If you prefer a larger size I do offer it in a signed, numbered limited edition in a 20″ x 24″ for $195 and a 12″ x 15″ for $95. You can order that through the Vintage Painter website store or email me directly at chrissy@vintagepainter.com.

Brains and Donuts in a custom designed industrial frame. No two frames are alike.

There are also custom made industrial frames available through my website. Just let me know if that is something that interests you.

If you purchase either the 20″ x 24″ or the 12″ x 15″ I will pay for the shipping.

Of course the original is still available and is $2195 plus shipping and handling.

What has been fun about this painting and the giclees is who has been buying them – two neurosurgeons, a psychologist, a few Brians, graduates of St. Louis University Medical Center, a chef and some old timers from St. Louis. I can’t wait to see where the art goes.

If you would like to learn more about this painting and the real place it is based on in St. Louis, MO click here.

My favorite phrase

“That is me!” is one of my favorite phrases to overhear.

At every opening and art show men and women, parents and grandparents, siblings and life-long friends will come look at my art and see themselves. They will look at the two children in the washtub and remember their summers on the farm. They will see three “kittens” on a motorcycle and identify with the mischief and rebellion of their youth – or their friend’s youth. Someone will look at the girls in the garden and remember their mother’s gladiolas.

And, as I said, at every show someone will look at a painting and say, “That is me.”

The simple truth is I love storytelling and history. I love how our past ties us to our future.
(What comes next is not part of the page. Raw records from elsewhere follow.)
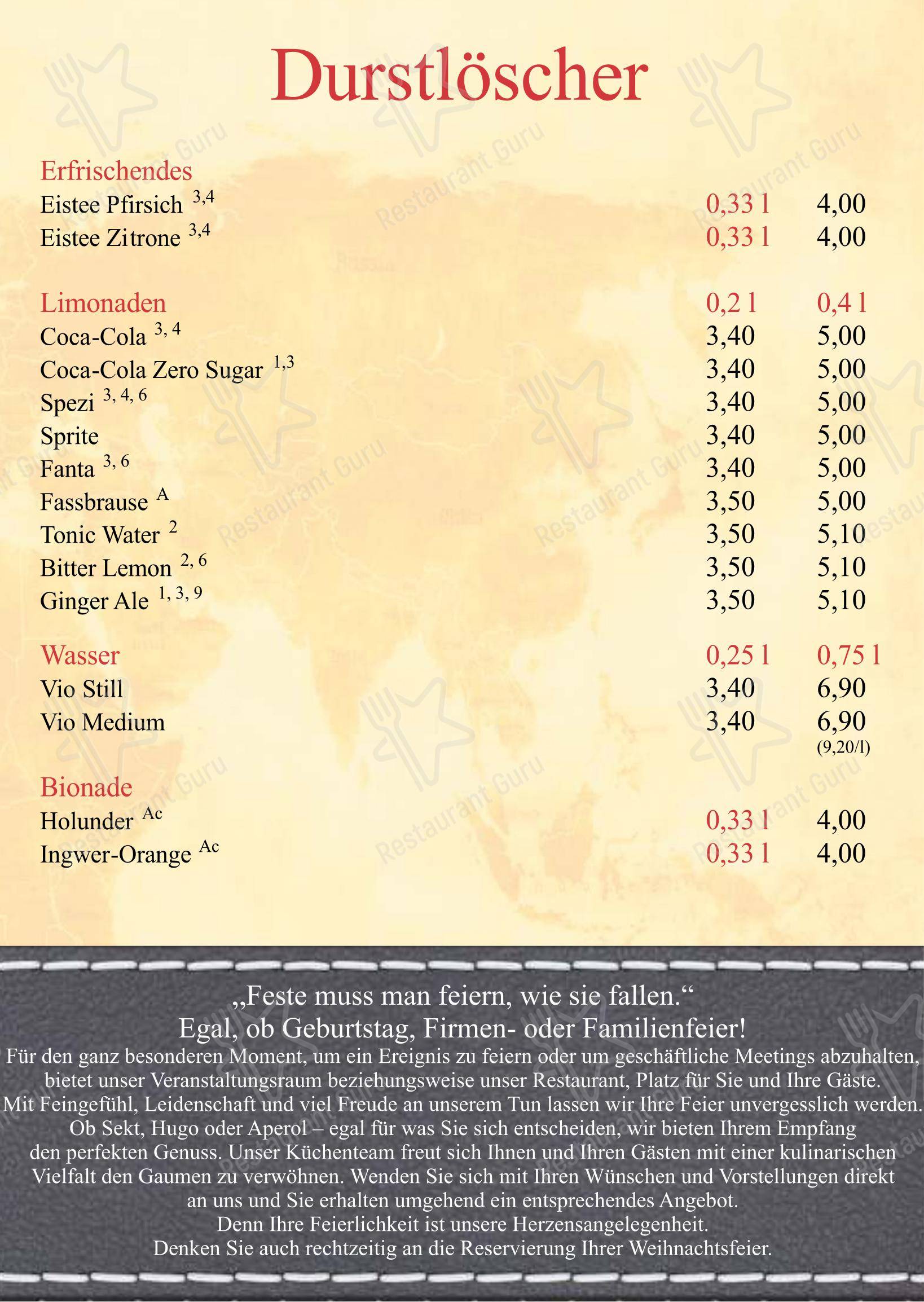 Menu pour Restaurant Journal dans Potsdam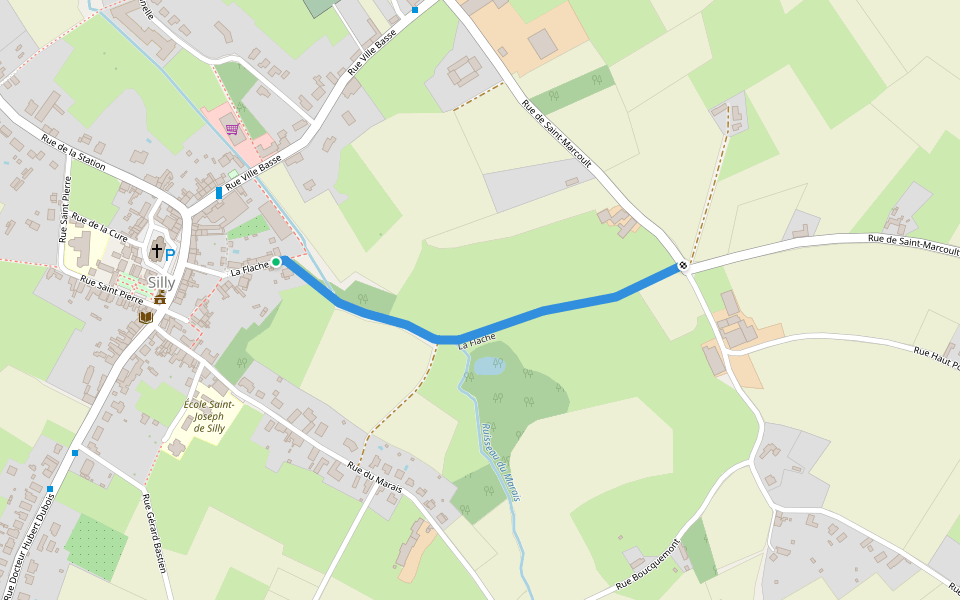 La Flache walking route map in Silly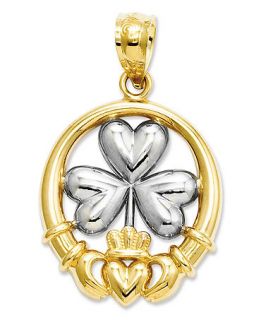 14k Gold and Sterling Silver Charm, Claddagh and Shamrock Charm   Jewelry & Watches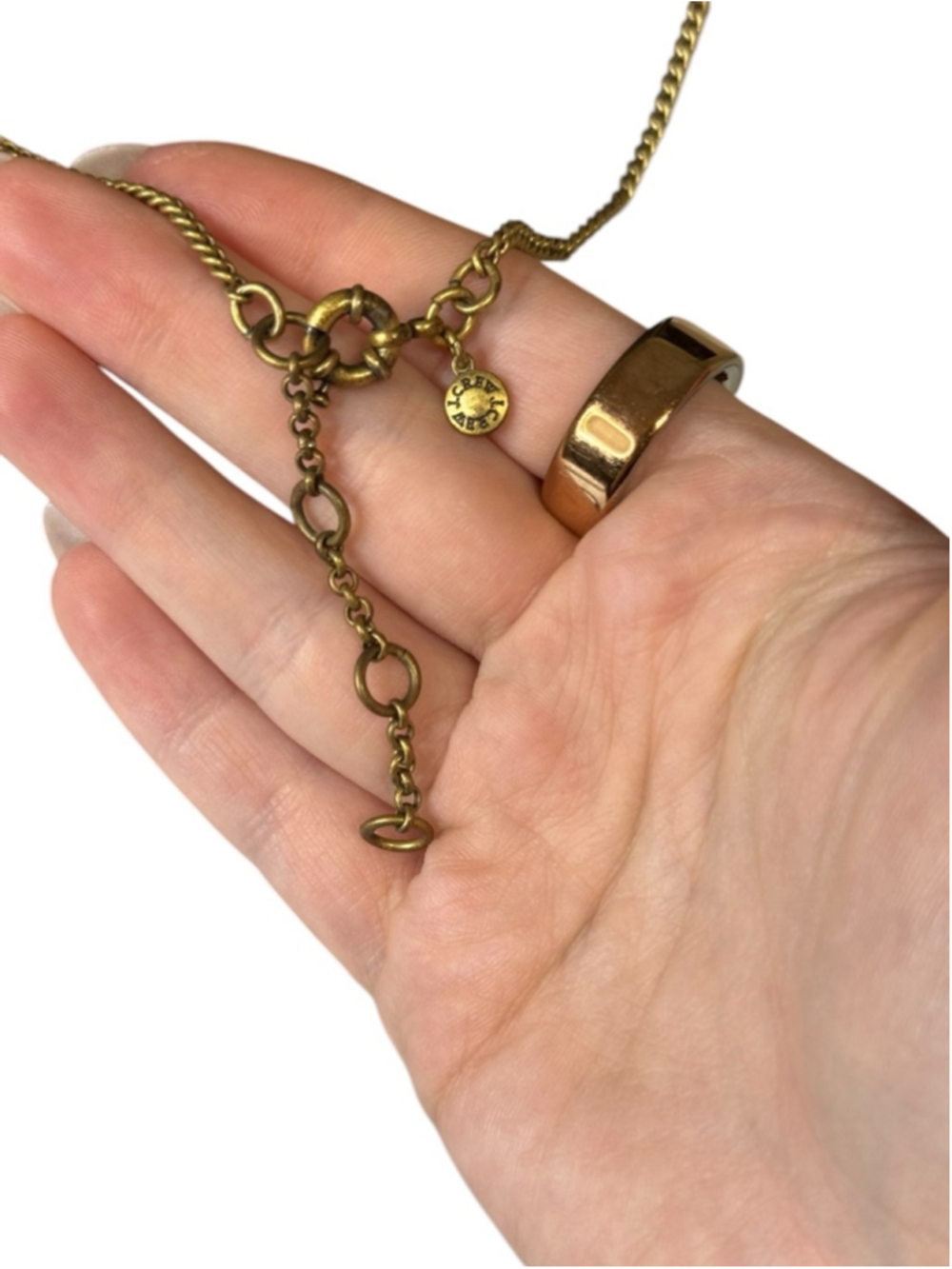 Women's J.Crew Gold Tone Black & Peach Gemstone Statement Necklace One Size - Picture 6 of 6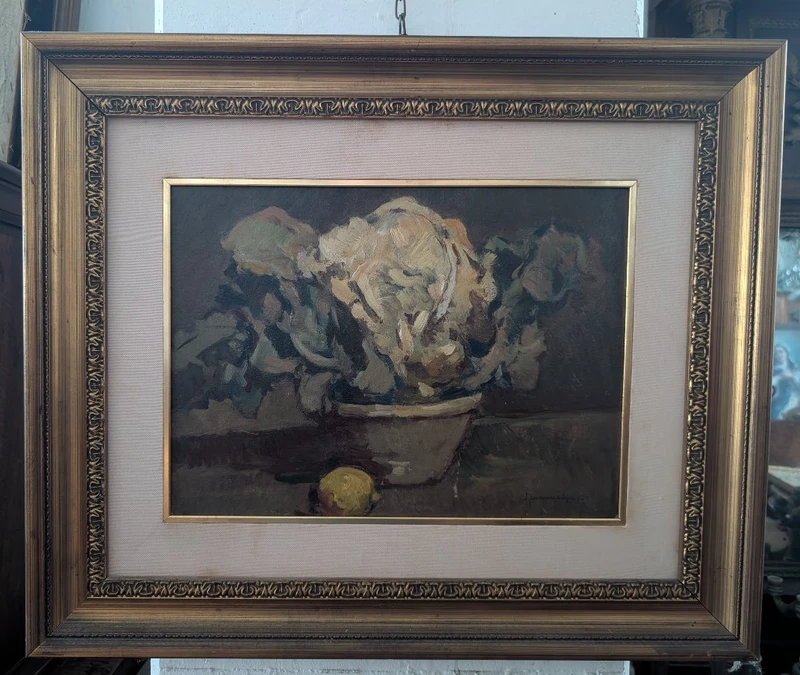 Lodovico Tommasi (Livorno, 1866 – Florence, 1941) – Still Life with Cauliflower, 1930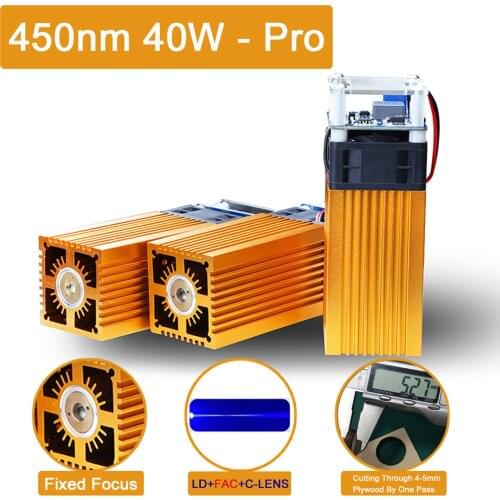 40W laser module fixed focus laser head 450nm blue laser, used for laser cutting machine CNC DIY laser engraving tool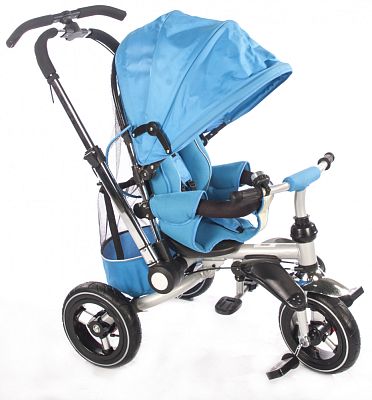 Детский трехколесный велосипед с ручкой Caider TR010 синий TJ-blue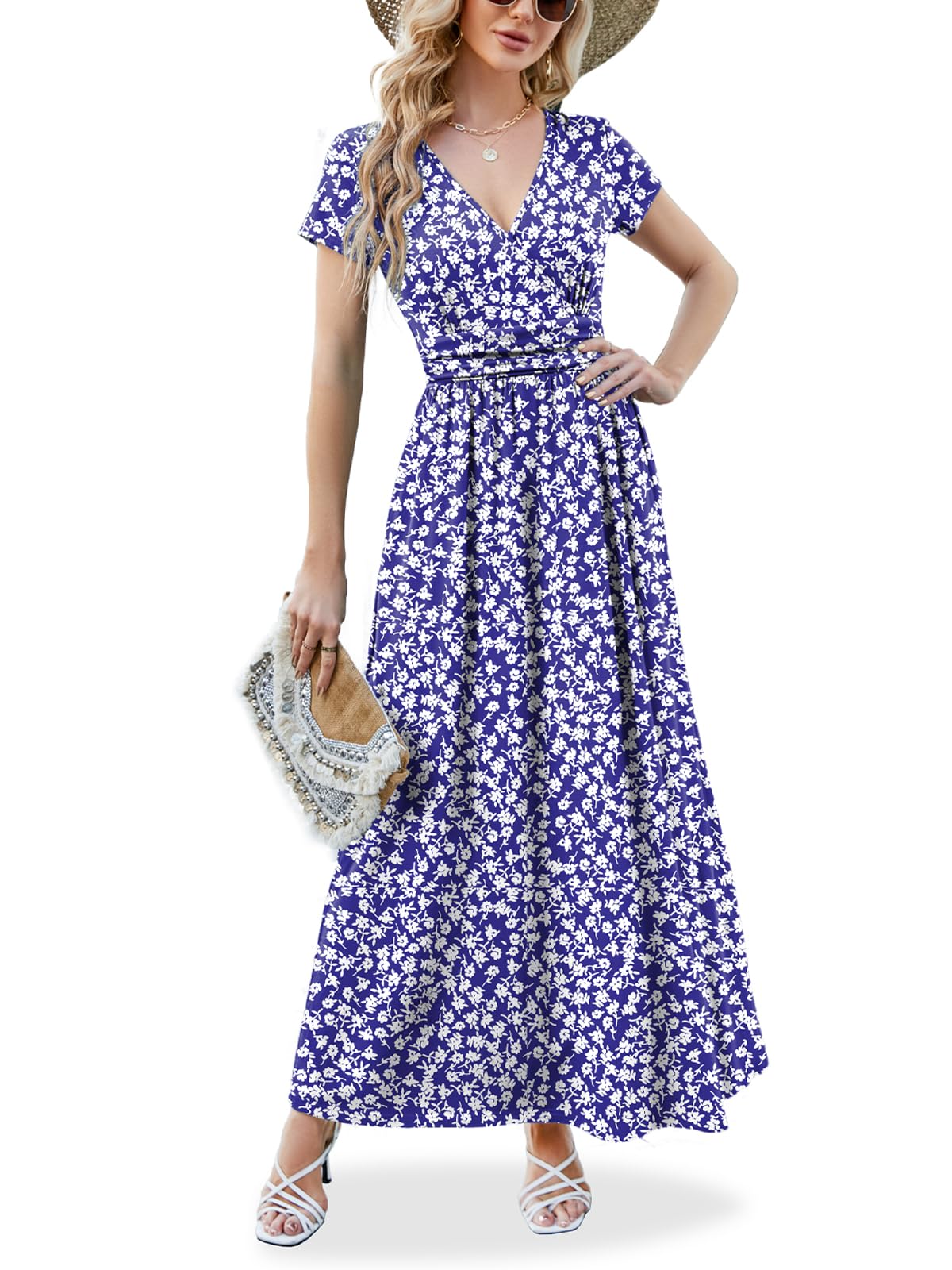 ANRILITA Maxi Dress for Women 2026 Wrap V Neck Short Sleeve Empire Waist Summer Casual Elegant Flowy Long Dresses with Pocket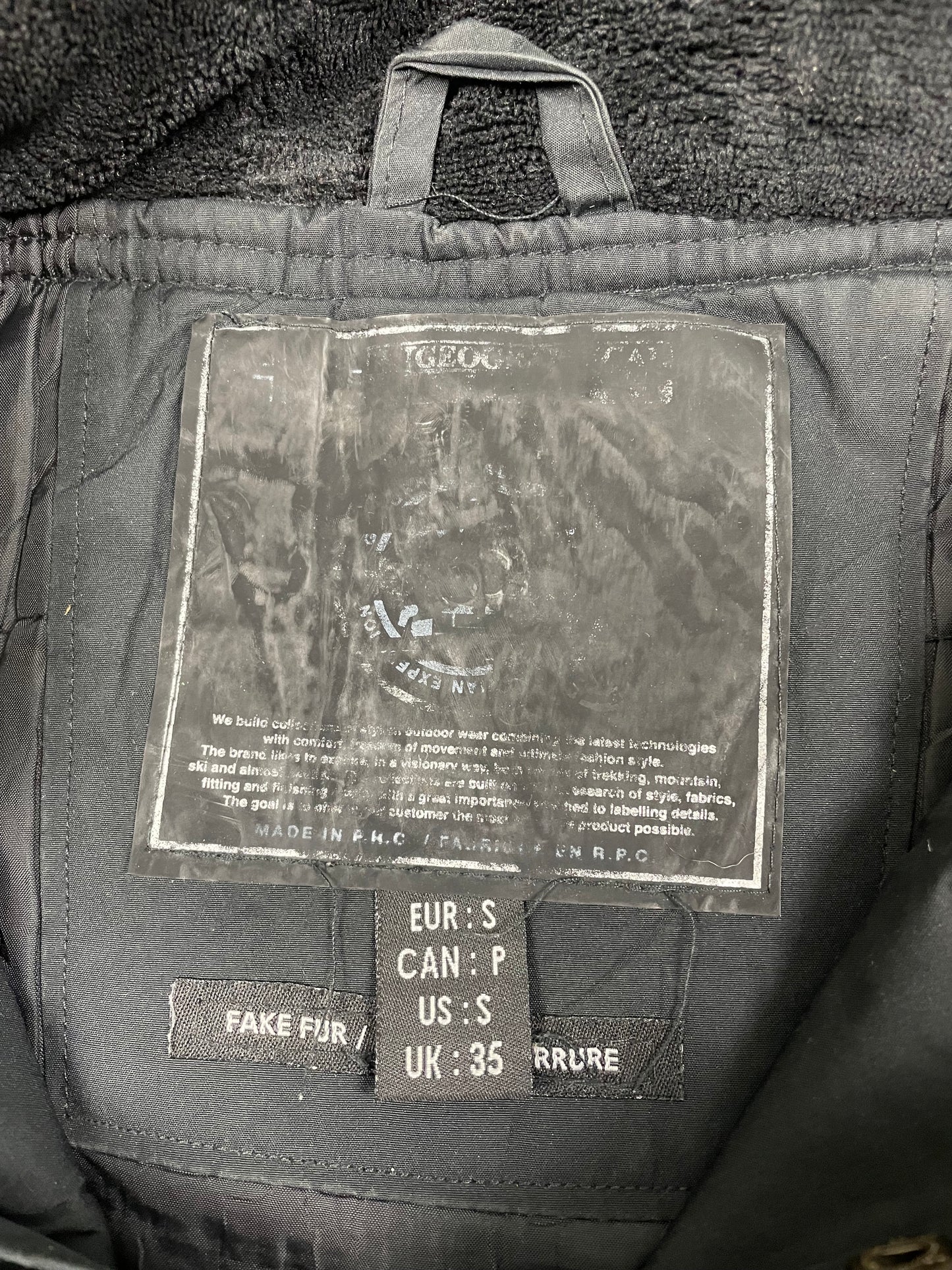 Vintage Geographical Norway Dicke Überziehjacke Schwarz S - Schlichte Herren Winterjacke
The way we remember our youth and our relationships with our friends and relatives provides the foundation for who we want – or don’t want – to be. I am fascinated by the American Dream and what is a uniquely American experience. I seek to portray that dream in my paintings and want to show how the memories of life’s experiences still define us, touch us and move us.

In my opinion, what makes my paintings special is not their uniqueness – and they are unique – but their universality. The strength of my painting style is in its ability to touch so many, each in a unique way.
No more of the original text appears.